The status of a QLDB stream can be one of the following:

• ACTIVE – Is currently streaming or waiting to stream data (for an indefinite stream with no end time).

• COMPLETED – Has successfully finished streaming all journal blocks within the specified time range. This is a terminal state.

• CANCELED – Was ended by a user request before the specified end time and is no longer actively streaming data. This is a terminal state.

• IMPAIRED – Is unable to write records to Kinesis due to an error that requires your action. This is a recoverable, non-terminal state.

  If you resolve the error within one hour, the stream automatically moves to ACTIVE state. If the error remains unresolved after one hour, the stream automatically moves to FAILED state.

• FAILED – Is unable to write records to Kinesis due to an error and is in an unrecoverable, terminal state.

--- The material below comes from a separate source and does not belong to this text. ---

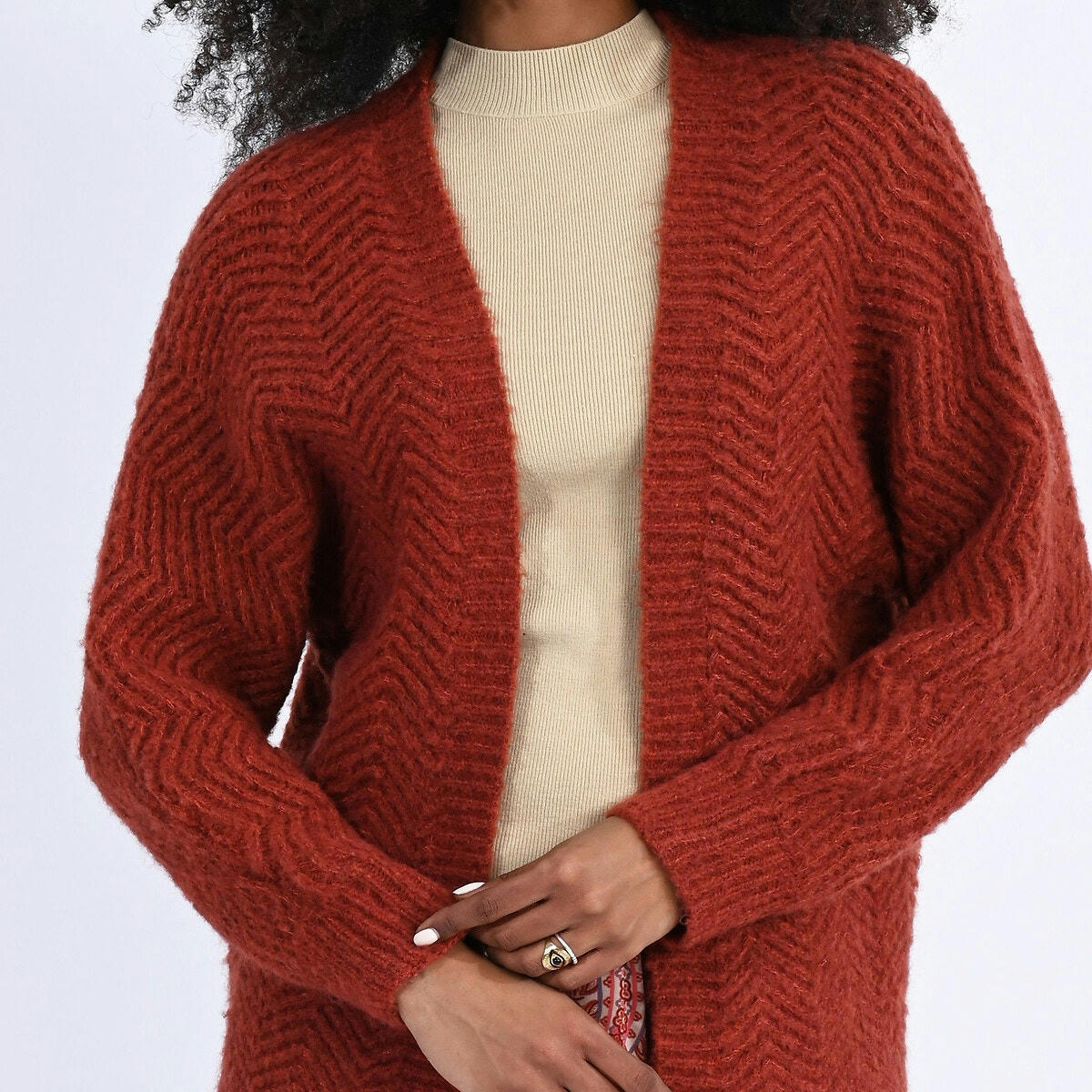 Gilet cardicool maille fantaisie graphique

The following diagram illustrates how a QLDB stream resource can transition between states.

Expiration for terminal streams

Stream resources that are in a terminal state (CANCELED, COMPLETED, and FAILED) are subject to a 7-day retention period. They're automatically hard-deleted after this limit expires.

After a terminal stream is deleted, you can no longer use the QLDB console or the QLDB API to describe or list the stream resource.

Handling impaired streams

If your stream encounters an error, it moves to IMPAIRED state first. QLDB continues to retry IMPAIRED streams for up to one hour.

If you resolve the error within one hour, the stream automatically moves to ACTIVE state. If the error remains unresolved after one hour, the stream automatically moves to FAILED state.

An impaired or failed stream can have one of the following error causes:

• KINESIS_STREAM_NOT_FOUND – The destination Kinesis Data Streams resource doesn't exist. Verify that the Kinesis data stream that you provided in your QLDB stream request is correct. Then, go to Kinesis and create the data stream that you specified.

• IAM_PERMISSION_REVOKED – QLDB doesn't have enough permissions to write data records to your specified Kinesis data stream. Verify that you define a policy for your specified Kinesis data stream that grants the QLDB service (qldb.amazonaws.com) permissions to the following actions:

  • kinesis:PutRecord

  • kinesis:PutRecords

  • kinesis:DescribeStream

  • kinesis:ListShards

Monitoring impaired streams

If a stream becomes impaired, the QLDB console displays a banner that shows details about the stream and the error that it encountered. You can also use the DescribeJournalKinesisStream API operation to get a stream's status and the underlying error cause.

In addition, you can use Amazon CloudWatch to create an alarm that monitors the IsImpaired metric of a stream. For information about monitoring QLDB metrics with CloudWatch, see Amazon QLDB dimensions and metrics.